**Exercise directions**
Everything from the top of the data below through the line with "Musical Notes Bamboo" should be duplicated exactly, and nothing past it.

+++ Material shown +++

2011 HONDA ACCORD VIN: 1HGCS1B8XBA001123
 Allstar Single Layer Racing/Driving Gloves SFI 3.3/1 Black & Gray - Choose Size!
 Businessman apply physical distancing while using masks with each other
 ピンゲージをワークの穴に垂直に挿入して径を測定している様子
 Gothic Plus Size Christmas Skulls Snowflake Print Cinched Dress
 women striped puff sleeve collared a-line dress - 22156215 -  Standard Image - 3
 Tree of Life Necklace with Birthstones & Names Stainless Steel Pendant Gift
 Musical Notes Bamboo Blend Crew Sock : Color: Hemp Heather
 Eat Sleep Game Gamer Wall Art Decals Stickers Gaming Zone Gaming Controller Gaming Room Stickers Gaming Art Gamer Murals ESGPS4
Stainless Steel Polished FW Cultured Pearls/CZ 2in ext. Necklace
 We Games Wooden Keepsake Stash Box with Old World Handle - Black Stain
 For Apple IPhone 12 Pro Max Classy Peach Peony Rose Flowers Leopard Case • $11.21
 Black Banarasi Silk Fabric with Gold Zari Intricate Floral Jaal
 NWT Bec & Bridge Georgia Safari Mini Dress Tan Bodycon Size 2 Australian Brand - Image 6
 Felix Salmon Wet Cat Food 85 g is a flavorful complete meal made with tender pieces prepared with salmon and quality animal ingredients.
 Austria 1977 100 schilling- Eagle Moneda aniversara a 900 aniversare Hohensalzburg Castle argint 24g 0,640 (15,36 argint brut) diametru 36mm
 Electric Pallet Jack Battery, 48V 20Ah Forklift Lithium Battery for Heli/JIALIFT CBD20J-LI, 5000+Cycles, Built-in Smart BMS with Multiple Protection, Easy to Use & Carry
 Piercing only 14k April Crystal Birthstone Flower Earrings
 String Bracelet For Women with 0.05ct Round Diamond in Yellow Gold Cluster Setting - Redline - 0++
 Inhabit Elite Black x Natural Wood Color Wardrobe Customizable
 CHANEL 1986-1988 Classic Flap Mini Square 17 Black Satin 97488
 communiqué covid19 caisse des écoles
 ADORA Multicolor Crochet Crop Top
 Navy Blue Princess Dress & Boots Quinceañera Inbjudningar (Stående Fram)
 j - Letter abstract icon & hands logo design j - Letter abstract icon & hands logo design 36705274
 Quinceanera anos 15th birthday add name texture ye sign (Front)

+++

**Response area**
2011 HONDA ACCORD VIN: 1HGCS1B8XBA001123
 Allstar Single Layer Racing/Driving Gloves SFI 3.3/1 Black & Gray - Choose Size!
 Businessman apply physical distancing while using masks with each other
 ピンゲージをワークの穴に垂直に挿入して径を測定している様子
 Gothic Plus Size Christmas Skulls Snowflake Print Cinched Dress
 women striped puff sleeve collared a-line dress - 22156215 -  Standard Image - 3
 Tree of Life Necklace with Birthstones & Names Stainless Steel Pendant Gift
 Musical Notes Bamboo Blend Crew Sock : Color: Hemp Heather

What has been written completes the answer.